Finally, several genes display very high divergence in Homo sapiens, but their functions or their association to diseases remain unknown. For example, the zinc finger protein ZNF491 (dN/dS=4.7) is highly expressed in the cerebellum and displays structural similarities with a chromatin remodeling factor, but its biological role remains to be characterized. Another example is CCP110, a centrosomal protein such as ASPM, but not associated to a disease. Based on its function, this divergent protein CCP110 could be a compelling candidate for microcephaly in humans. A complete list of the most conserved and divergent proteins is available in Supplementary Table 4 and on the companion website.
Systematic analysis of Neanderthal introgression
Finally, we also looked at the recent evolutionary event of Neanderthal introgression. Combining the dataset of Sankararaman51 with our systematic screening of coding sequences, we derived for 16,020 genes the level of Neanderthal introgression (also available on the website). We conduced similar analyses as with ωGC12 (see Supplementary Table 7) and despite no correlation between ωGC12 and introgression, we obtained opposite trends at the tissue level: genes expressed in the testes appeared as the less introgressed tissues of the body (Wilcoxon rc=-0.09, p=1.5e-10), while genes associated to the adult brain in RNAseq (Wilcoxon rc=0.16, p=1.2e-4) and Mass Spectrometry (Wilcoxon rc=0.26, p=2.6e-6) appeared more introgressed than expected (Supplementary Figure 10). At the nervous system level, the spinal cord (Wilcoxon rc=0.3, p=1.9e-5) and the retina (Wilcoxon rc=0.15, p=3e-9) revealed strong introgression, while the pineal gland had less introgression than expected (Wilcoxon, pineal during day: rc=-0.14, p=6.2e-15; pineal during night: rc=-0.12, p=6.5e-10; Supplementary Figure 11). At the functional level, the proteins associated with the glutamatergic (Wilcoxon rc=0.38, p=3e-5) and the serotonin (Wilcoxon rc=0.29, p=1.8e-3) pathways were also highly introgressed (Supplementary Figure 12).
Discussion
Divergent proteins and brain sizes in primates
Several proteins were previously proposed to play a major role in the expansion of the size of the human brain. Some of these proteins such as ARHGAP11B, SRGAP2C and NOTCH2NL7 were found specific to humans since their genes were recently duplicated52. Other studies proposed that high divergence in genes involved in micro/macrocephaly could have contributed to the dramatic change in brain size during primate evolution25,53. Several of these genes apparently displayed an accelerated evolution in humans such as the ASPM54 and MCPH155. However, the adaptive evolution of these genes was previously questioned56 and in our analysis neither of these two proteins are on the list of the highly divergent proteins (their dN/dS value are indeed below 0.8).

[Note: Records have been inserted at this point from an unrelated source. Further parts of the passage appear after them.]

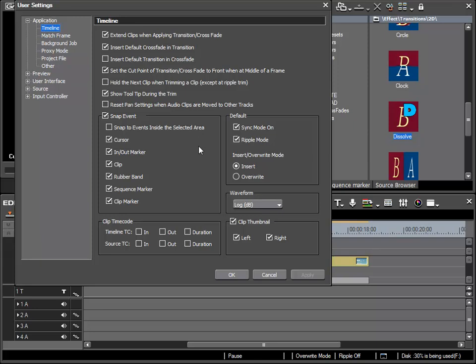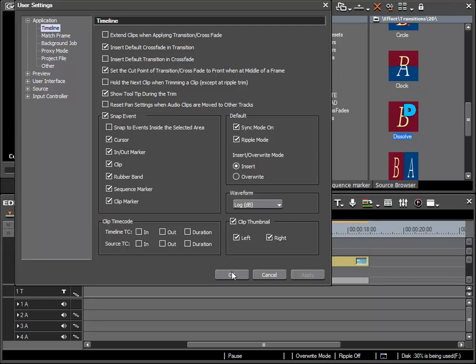However, I would like to show this function, which is the option in the section Timeline: extend clips when applying transition crossfade. This setting changes the way EDIUS applies transitions between clips. I will deselect this option by clicking and then choose Apply and OK.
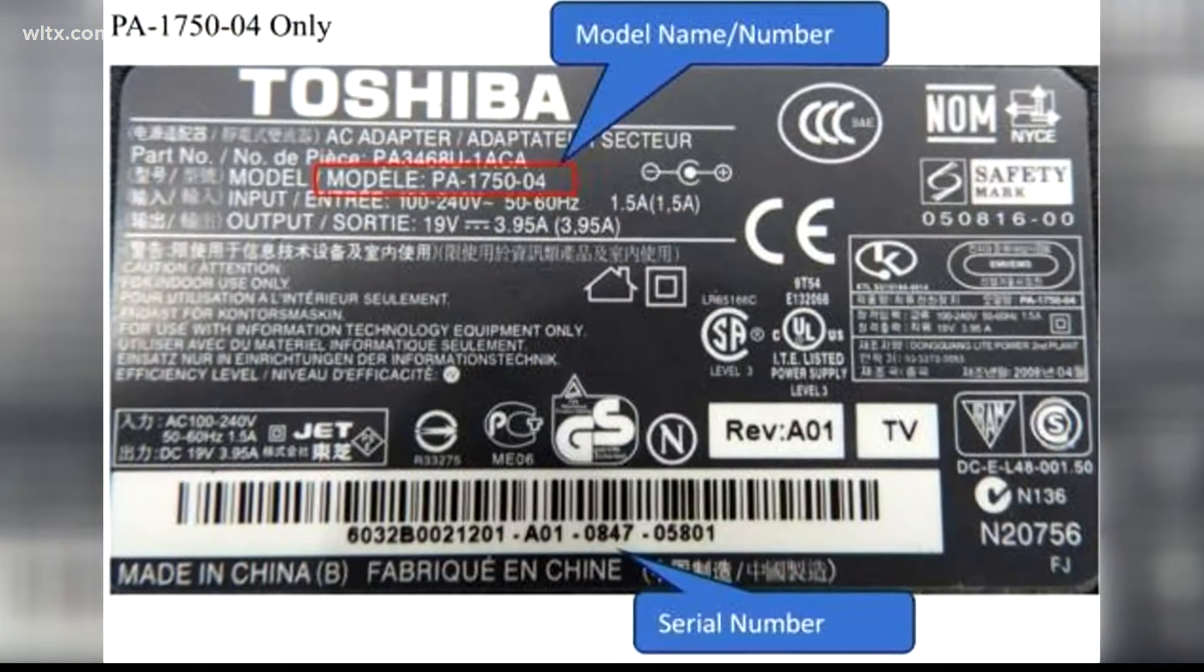The U.S. Consumer Product Safety Commission says that users have reported minor burns. The recall involves AC adapters sold separately with Toshiba brand personal laptop computers from April of 2008 through April of 2014.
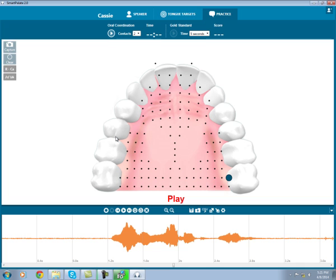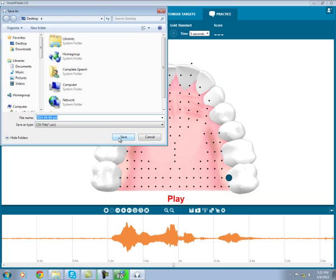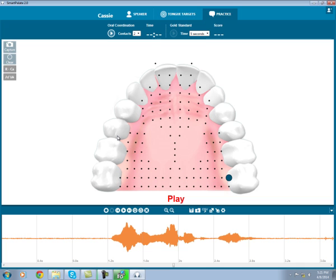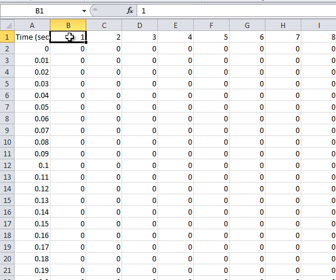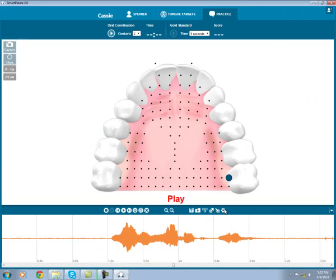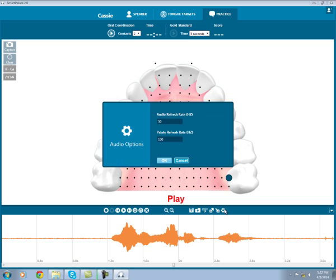I can also export palette data to a CSV file by clicking this icon and saving the file. This allows me to open up palette data into any program that will handle this sort of data. I'll use Excel to show you the data right now. You'll see each sensor is numbered from 1 to 124, and is marked as either on or off by ones and zeros over time. Back in the smart palette software, I can use the audio options dialog to change the audio or palette refresh rate in hertz. In most cases, the default setting of 100 will be best. This would only be changed for troubleshooting if your computer is running slowly, for instance, to 50.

Conversely, our systematic detection could identify the most divergent proteins in humans for micro/macrocephaly and the top 10 proteins were FAM111A, AHI1, CSPP1, TCTN1, DAG1, TMEM70, ASXL1, RNF168, NHEJ1, GRIP1. This list of divergent proteins associated with micro/macrocephaly in humans can be used to select the best candidate human specific gene/variants for further genetic and functional analyses in order to better estimate their contribution to the emergence of anatomical difference between humans and other primates.
Some of these proteins could have contributed to brain size and to other morphological features such as difference in skeleton development. For example, the divergent proteins FAM111A (dN/dS=2.99) and ASXL1 (dN/dS=1.83) are associated respectively with macrocephaly and microcephaly. Patients with dominant mutation of FAM111A are diagnosed with Kenny-Caffey syndrome (KCS). They display impaired skeletal development with small and dense bones, short stature, primary hypoparathyroidism with hypocalcemia and a prominent forehead57. While the function of FAM111A remains largely unknown, this protein appears to be crucial to a pathway that governs parathyroid hormone production, calcium homeostasis, and skeletal development and growth. On the other hand, patients with dominant mutations of ASXL1 are diagnosed with Bohring-Opitz syndrome, a malformation syndrome characterized by severe intrauterine growth retardation, intellectual disability, trigonocephaly, hirsutism, and flexion of the elbows and wrists with deviation of the wrists and metacarpophalangeal joints58. ASXL1 encodes a chromatin protein required to maintain both activation and silencing of homeotic genes.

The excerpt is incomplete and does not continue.